I hear a lot about writer's block. I hear about it at conventions and on the internet. Advice and tips and commiseration. I know it's a problem for a lot of people. I can't speak to what it's like to be other people (except as noted, above). So I want to be careful not to say that I don't believe in writer's block. But I can tell you what it means for me.

Writer's block is me not wanting to write.

It can take a lot of forms. Wanting to play a computer game. Wanting to sit down and read for an hour. Wanting to nap. Avoidance and dodging and procrastination. Sometimes I'd rather clean the house than actually write, and I hate cleaning the house.

Heinlein said something along the lines of: he writes because the only thing worse that writing is not writing.

The last time I really had "writer's block" was while working on a paper in high school. It wasn't a real matter of being blocked. It was a matter of wanting to do anything other that assignment. That time I found my solution. If I put on Beethoven and just forced myself to write, I always find the writer's block goes away in about fifteen minutes. I don't know if that's because Beethoven is particularly inspiring, or if it's because I know that if can make myself stop needing it, I can put on something that I like more.

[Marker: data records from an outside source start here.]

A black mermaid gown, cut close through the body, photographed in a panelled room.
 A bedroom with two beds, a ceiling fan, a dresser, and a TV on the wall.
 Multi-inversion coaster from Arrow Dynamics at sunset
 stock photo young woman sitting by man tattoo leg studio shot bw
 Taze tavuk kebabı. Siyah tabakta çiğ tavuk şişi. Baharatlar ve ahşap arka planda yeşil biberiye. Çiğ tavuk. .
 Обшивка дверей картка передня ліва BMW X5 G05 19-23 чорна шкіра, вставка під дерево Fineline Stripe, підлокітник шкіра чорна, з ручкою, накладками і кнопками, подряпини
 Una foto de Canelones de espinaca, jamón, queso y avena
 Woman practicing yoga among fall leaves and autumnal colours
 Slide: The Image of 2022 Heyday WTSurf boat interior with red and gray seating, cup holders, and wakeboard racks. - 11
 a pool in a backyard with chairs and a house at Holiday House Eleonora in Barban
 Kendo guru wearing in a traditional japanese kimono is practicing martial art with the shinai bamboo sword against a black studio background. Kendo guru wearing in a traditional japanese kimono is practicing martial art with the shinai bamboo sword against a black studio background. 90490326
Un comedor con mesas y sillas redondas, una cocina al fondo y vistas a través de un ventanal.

If I had to give advice to someone earlier in their career than myself, <insert obligatory joke about my "career" here>, then it would be to try Nano this month, or next year, since this advice is probably too late to save 2015. I'm talking about National Novel Writing Month.

I don't participate myself, but I have in the past. I did it on two consecutive years. Each time I set a goal of hitting 100,000 words instead of the standard of 50k. Each time I petered out around Thanksgiving with 70-something thousand. And then, my writer's group submissions covered for the rest of the year, I stopped writing until January.

I produced one novel that is probably beyond redemption and one that I have in submission right now. But a more important thing happened. I showed myself that I have the discipline to sit down and write three thousand words a day. They might not be good, but "good" isn't the point of Nano. Nano is about learning discipline.

You go to work every day. You don't whine and say you have "data entry block." You don't beg off because you don't feel it. You do the job because that's your job. Or you get fired. Every day. That's what it means to be a productive member of society.

You might say, "But Bob. You're brilliant and handsome and hyper-intelligent." I get that a lot. You might go on to say, "I work shelving groceries" or balancing spread sheets, or selling leads, or whatever you do. "That isn't creative work," you say. "That's different."

I'd say talk to the professional writer's out there. Your Brandon Sandersons and your Kevin J. Andersons and your Jim Butchers. The guys that really show us what it means to be a working writer. Do you think they ever just "don't feel like writing"? I'd submit that they probably feel like that every day. You know what they don't do?

They don't care.

They sit down. And they hammer out the words, or they do the painful edit, or they go to that one last signing when they don't think they can possibly smile at one more fan. They do it because it's their job to do it, and they love their job. They will do anything to make sure we don't fire them, because they know they work for us.

Or they write a blog about writer's block. You know. Whatever.